Karena, jika mengonsumsi buah di awal, tubuh bisa terkontrol, dan buah lebih tercerna duluan. Ia lalu memberikan tips untuk tetap sehat. “Gaya hidup itu harus diseimbangkan dengan kesehatan. Kalau gaya hidup terus jalan dan kesehatannya drop, ya buat apa? Sebaliknya, kalau sehat, tetapi gaya hidupnya monoton, ya sama saja. Jadi harus seimbang,” kata dia.
Artis Laudya Cynthia Bella juga tak berbeda dengan Chocky. Ia sudah menyukai buah-buahan sejak kecil. Kebiasaannya menyukai buah sudah menjadi kesehariannya. Karena itu, ia selalu menyiapkan buah di rumah.
Artis yang sekarang berhijab ini sering menyiapkan jus yang dicampur dengan beberapa buah dan sayur. “Di rumah itu selalu ada. Setiap bangun pagi, saya minum jus yang isinya brokoli, buah bit, jeruk, apel, dan beberapa sayuran,” kata Bella.
Ia juga sering mengonsumsi buah yang mempunyai kadar antioksidan dan vitamin tinggi seperti kiwi.
Namun, Bella juga menyiratkan kekhawatiran terhadap buah yang dijual di pasaran. Karena banyak buah yang menggunakan lilin agar tetap terlihat segar. “Khawatir sih iya, kita sekarang harus lebih perhatian lagi dengan mencuci buah agar lebih higienis,” kata Bella.
Selebriti lain penggemar buah-buahan adalah Olivia Jensen Lubis.
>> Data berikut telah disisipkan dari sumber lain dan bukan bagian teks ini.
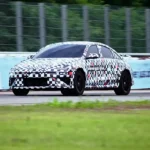 2026 Hyundai Ioniq 6 N: Australia's new EV HyundaiIoniq6N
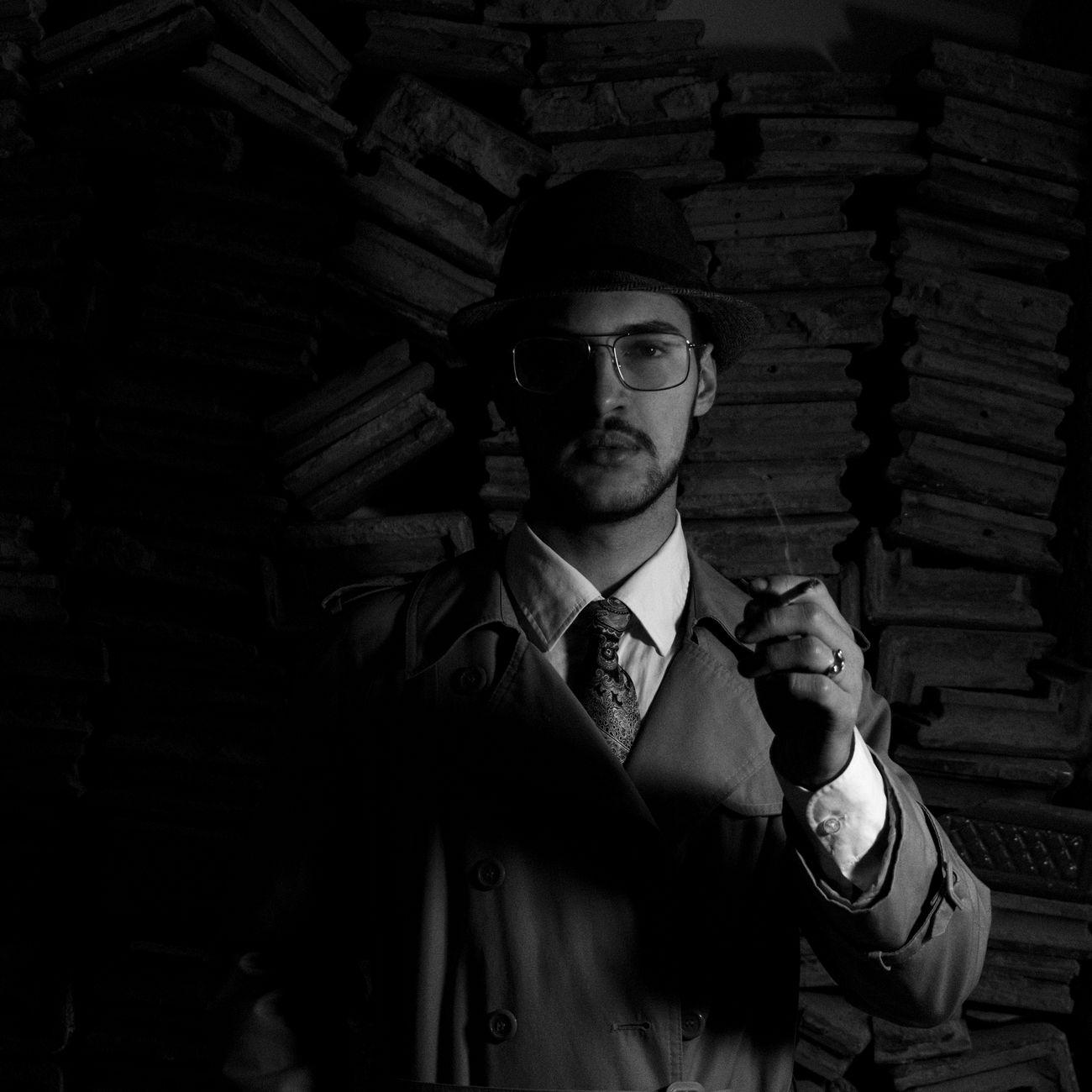 Natural Language Processing for Fraud Detection  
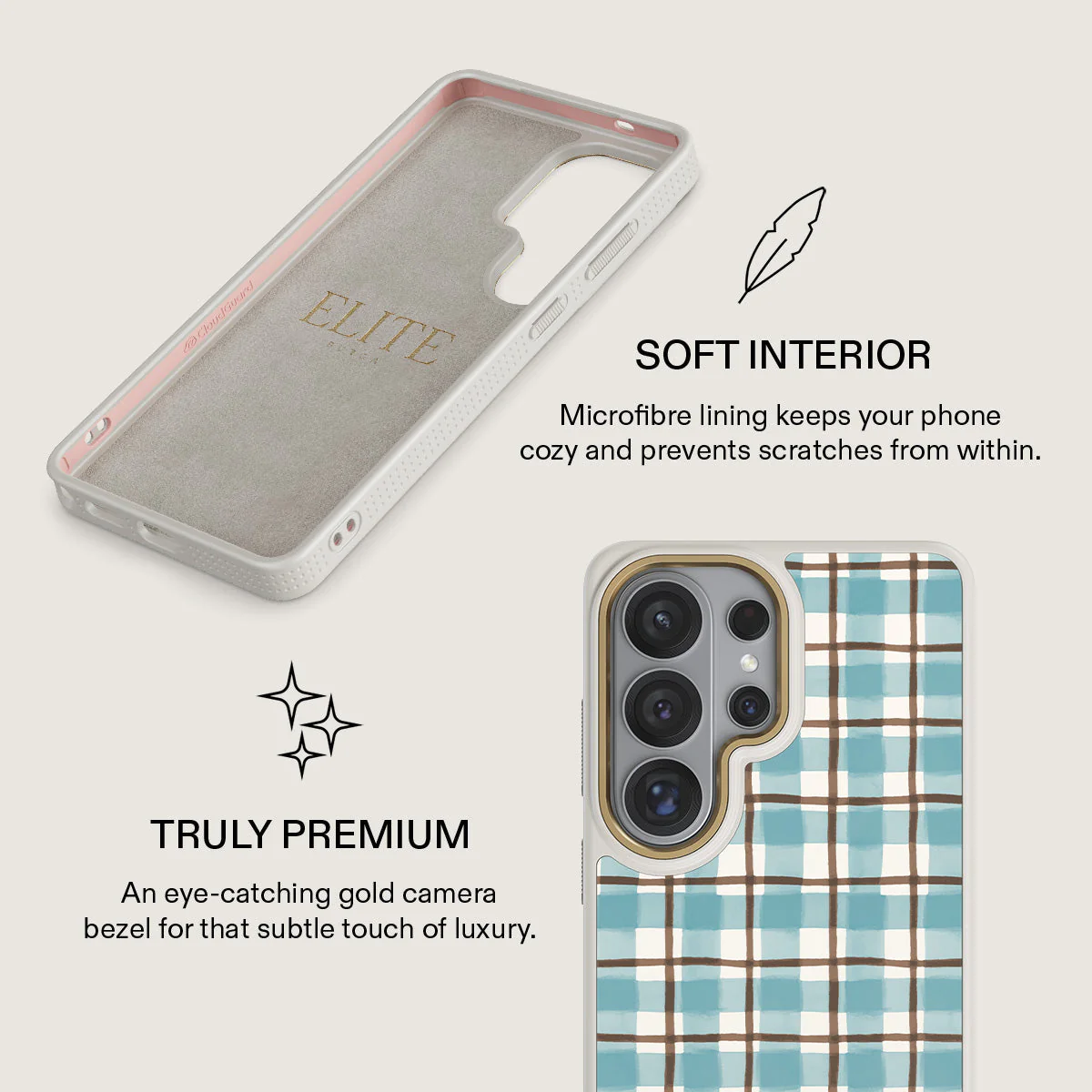 The Cottage - Samsung Galaxy S26 Ultra Case - Image 31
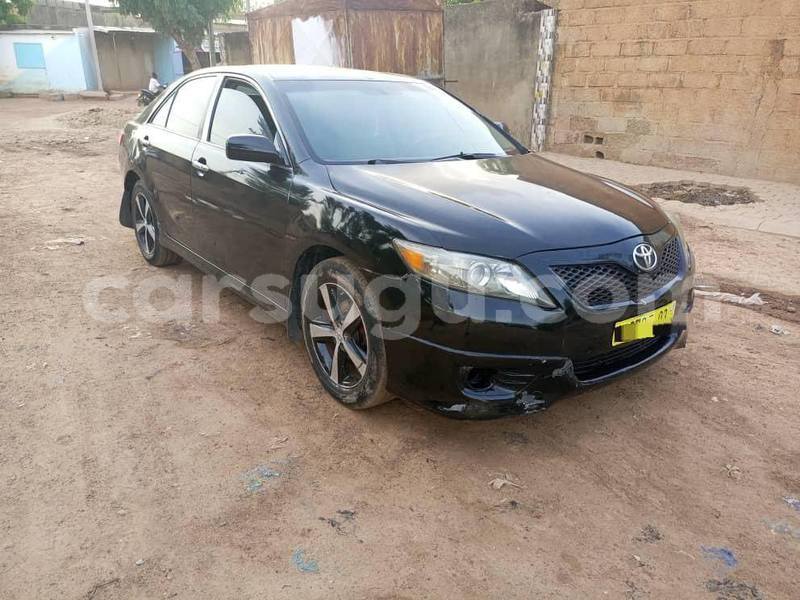 Big with watermark toyota camry burkina faso ouagadougou 11095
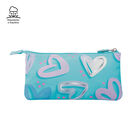Estuche Tablero - Corazones Pintados image number 4
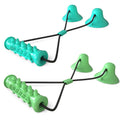 Wholesale Sucking Disc Dog Chew Toys for Puppies Teething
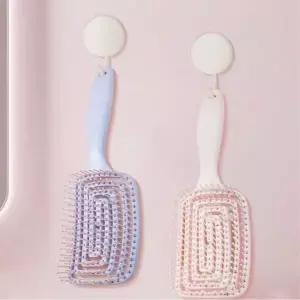 볼륨 헤어스타일링빗 FL 두피 마사지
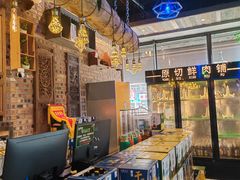 -老灶堂文创火锅(文艺路店)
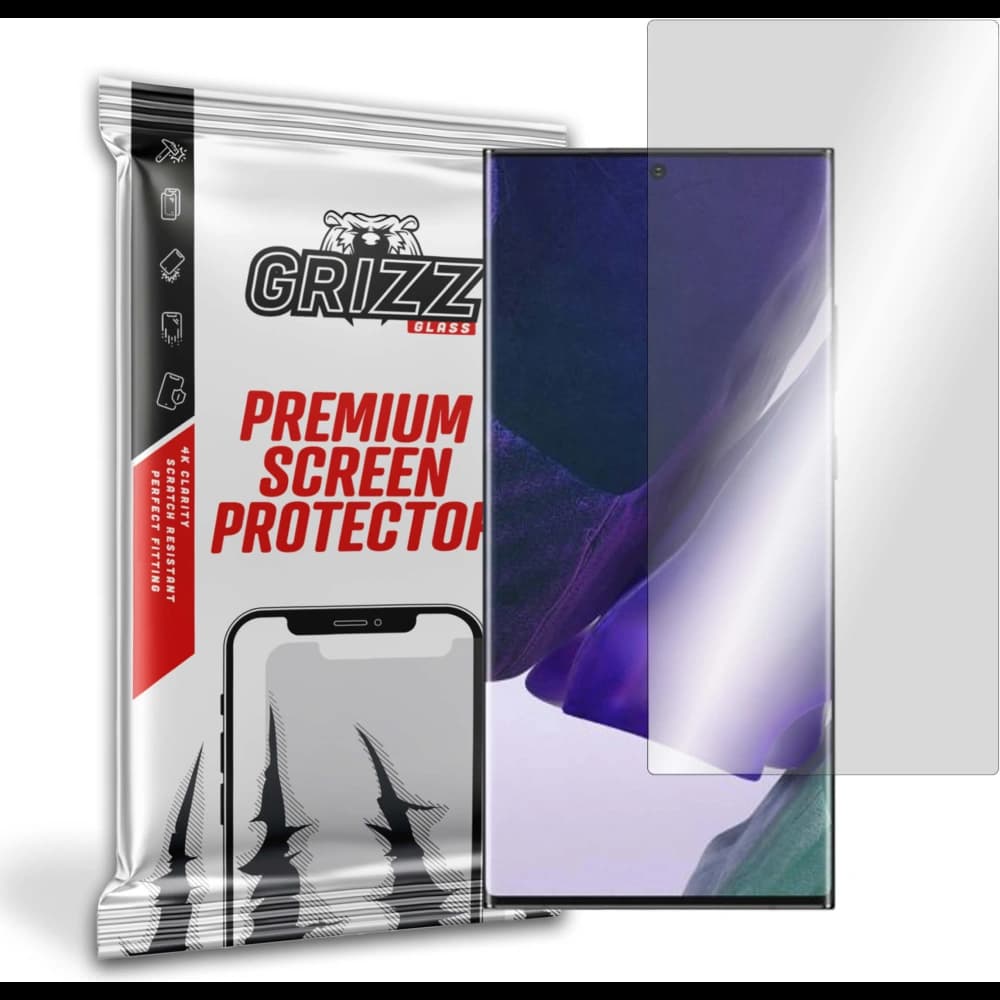 Fólie hydrogelová GrizzGlass Hydrofilm pro Samsung Galaxy Note 20 Ultra - 1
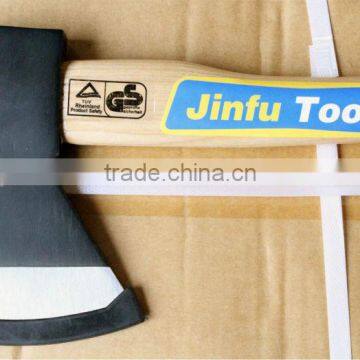 Wooden Handle Axe A613 photo-3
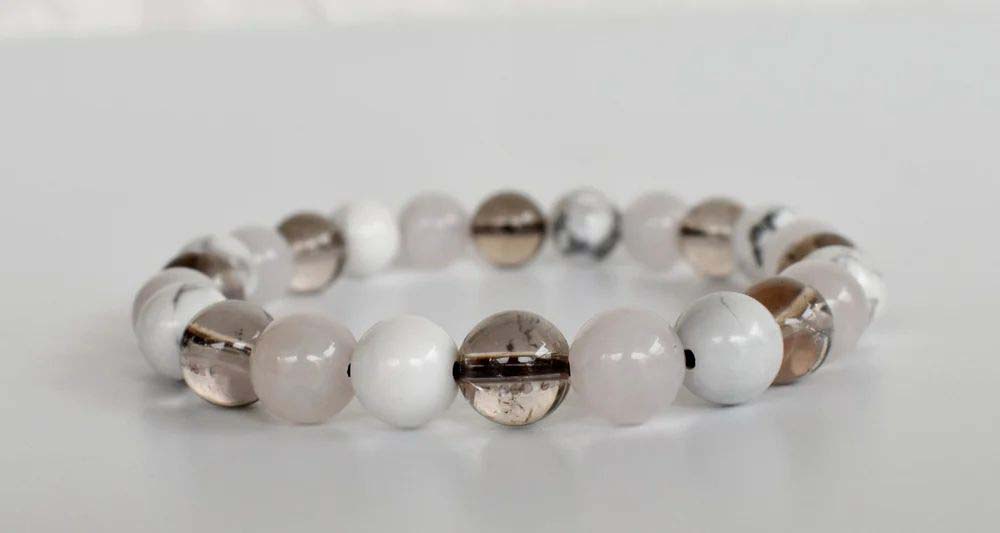 Control ANGER Bracelet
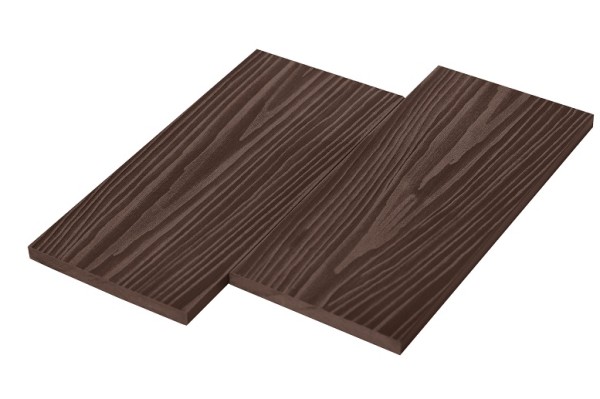Заборная доска RusDecking UnoDeck Forte - Венге купить в Владимире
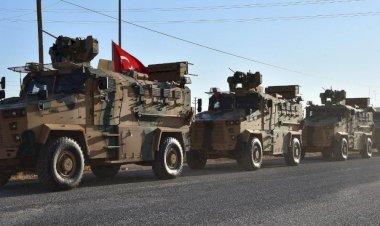 Rusya'dan Türkiye'ye 'Suriye' uyarısı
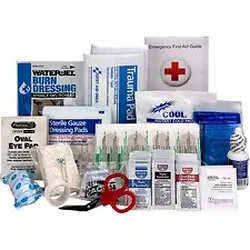 FIRST AID ONLY, INC.-FAO 90583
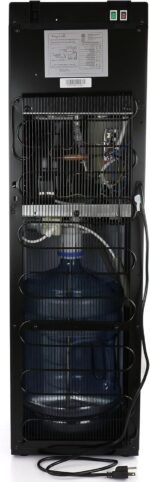 MegaChef Bottom Load Hot and Cold Water Dispenser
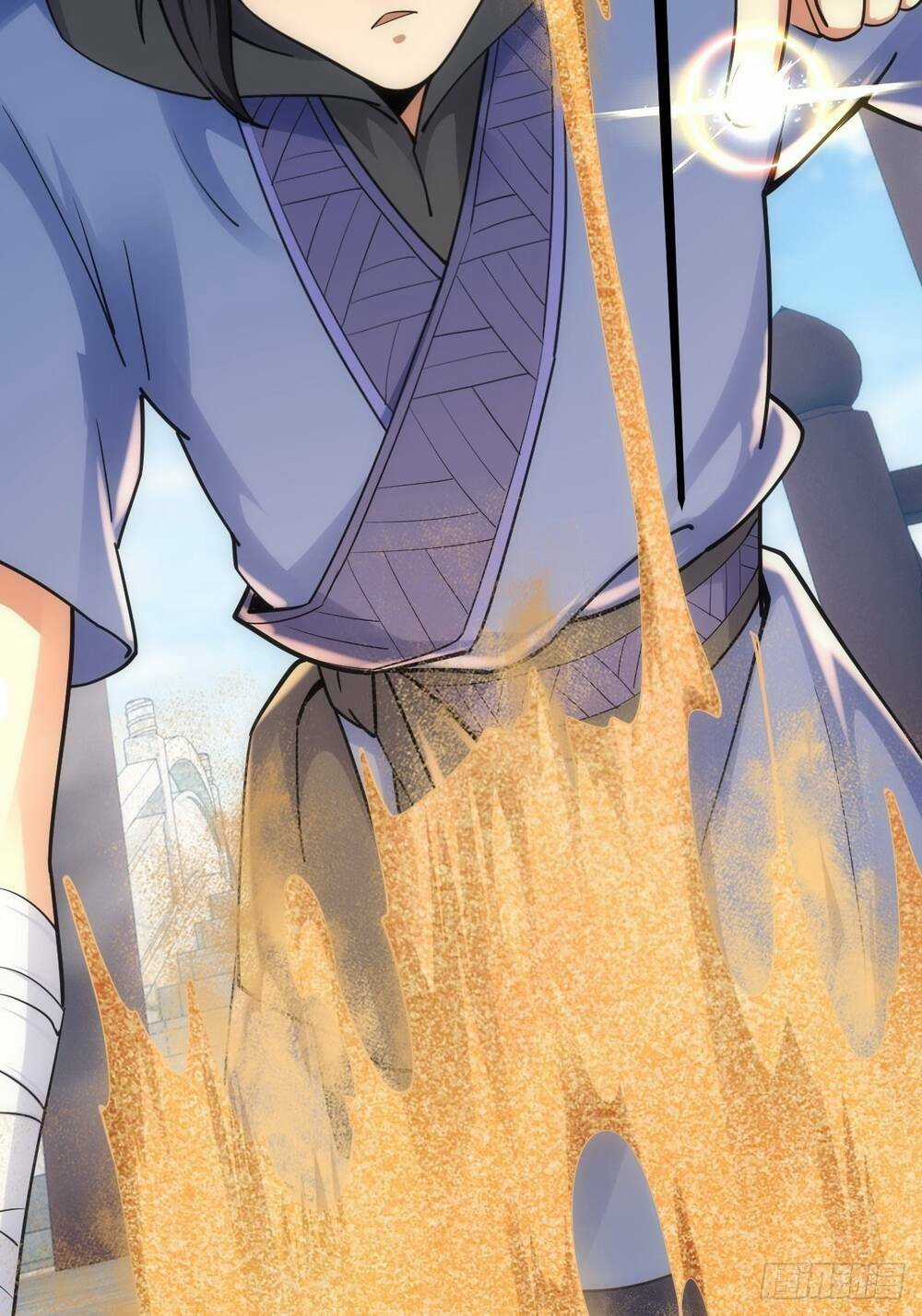 Tuyệt Thế Võ Công Chapter 23 trang 31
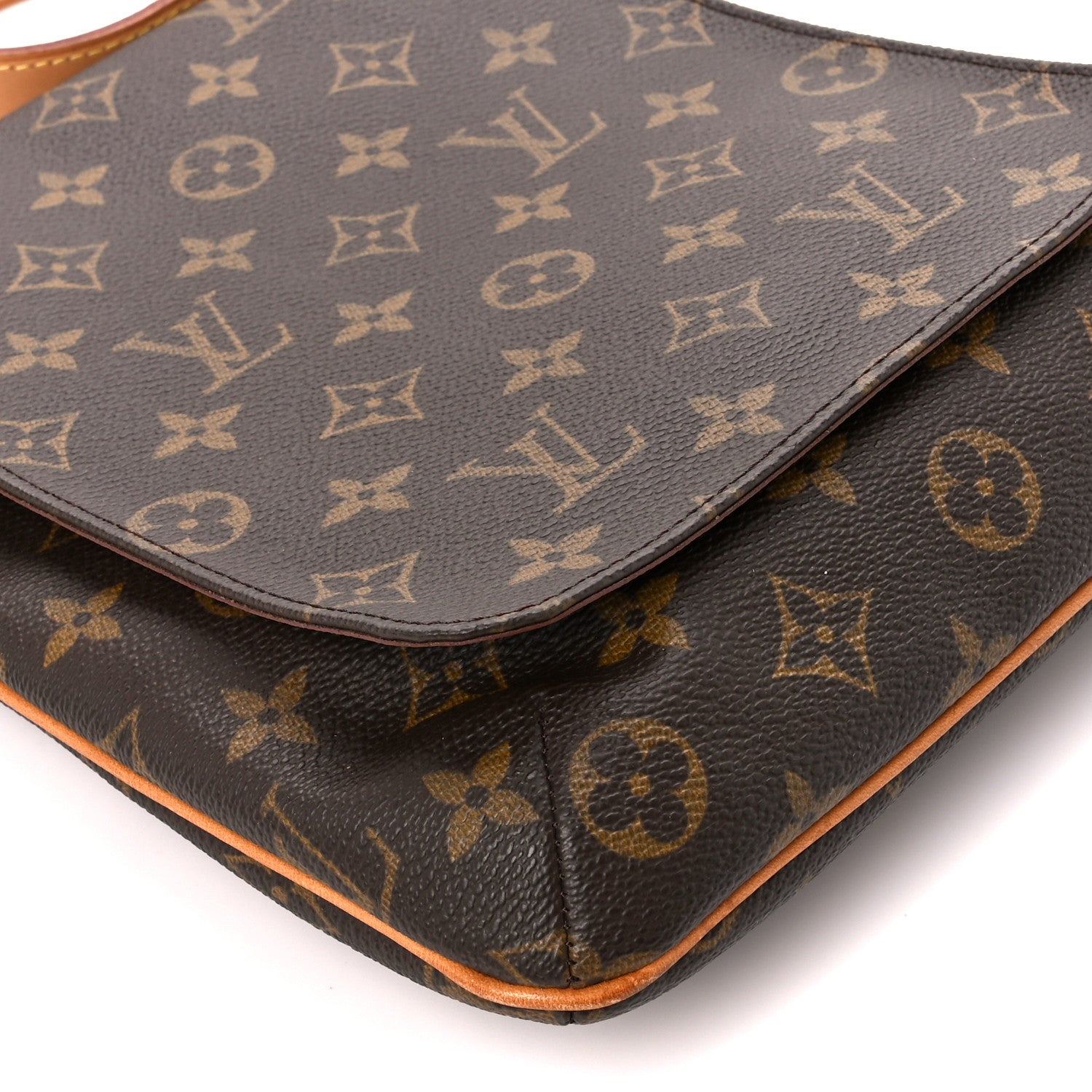 Louis Vuitton Monogram Musette Salsa 8 of 9
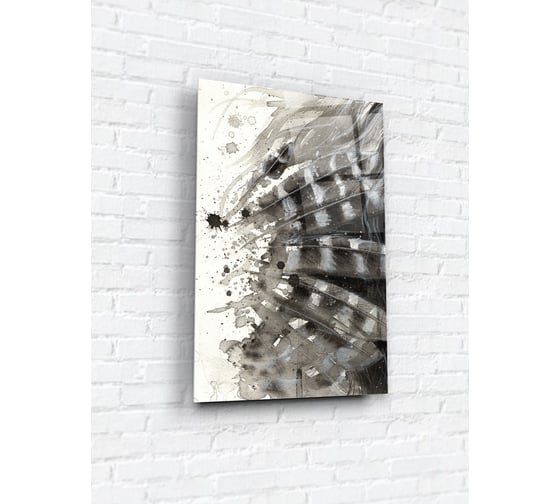 Картина на стекле ARTABOSKO 40x60, Дафна 5 WBR-05-1523-04 1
Ia mulai mengonsumsi buah sejak kecil sebagai sarapan pagi. Walaupun mengonsumsi buah impor, buah lokal tak pernah ditinggalkan. “Karena, rasa buah tropikal Indonesia jauh lebih enak dibandingkan negara lain,” kata Olivia.
Ia menilai, mengonsumsi buah-buahan adalah bagian gaya hidup tepat dan sehat. Karena, tubuh memerlukan asupan buah tiap hari.
Bagi artis sinetron ini, buah lokal memiliki kelebihan dibanding buah impor. Soal harga, juga lebih terjangkau. Buah lokal yang paling digemari Olivia adalah mangga, semangka, pepaya, nanas, dan pisang.
Sementara itu, menurut Chocky, perbedaan buah impor dengan lokal adalah dari sisi penampilan. Buah impor biasanya lebih cerah. Namun, menurut dia, dibandingkan buah impor, buah lokal tidak ada tandingannya. Lebih alami.
Dorong Budidaya
Tak dipungkiri, dikeluarkannya dua peraturan menteri ikut mendongkrak popularitas buah lokal. Kedua peraturan itu adalah Peraturan Menteri Pertanian No. 60/permentan/OT.140/9/2012 dan Peraturan Menteri Perdagangan No 27/M-DAG/PER/5/2012.
Peraturan itu mengatur pembatasan importasi untuk buah jenis anggur, apel, pir, jeruk, lemon, jeruk bali, pisang, mangga, nanas, wortel, cabai, dan lainnya.
Meskipun, pembatasan impor buah dan sayuran yang berlaku pada Oktober 2012 itu, diklaim berdampak cukup besar bagi importir dan distributor buah-buahan.
"Kami jadi kekurangan buah-buahan impor untuk didistribusikan ke luar kota Jakarta dan seluruh Indonesia," kata Sekretaris Umum Asosiasi Eksportir dan Importir Buah dan Sayur Segar Indonesia, Hendra Juwono kepada VIVA.co.id.
Apalagi, sebagian besar, daerah menjadi pusat perdagangan buah-buahan di Nusantara. Peluang ini yang kemudian dimanfaatkan oleh petani buah lokal untuk menggenjot produksi dan pemasaran.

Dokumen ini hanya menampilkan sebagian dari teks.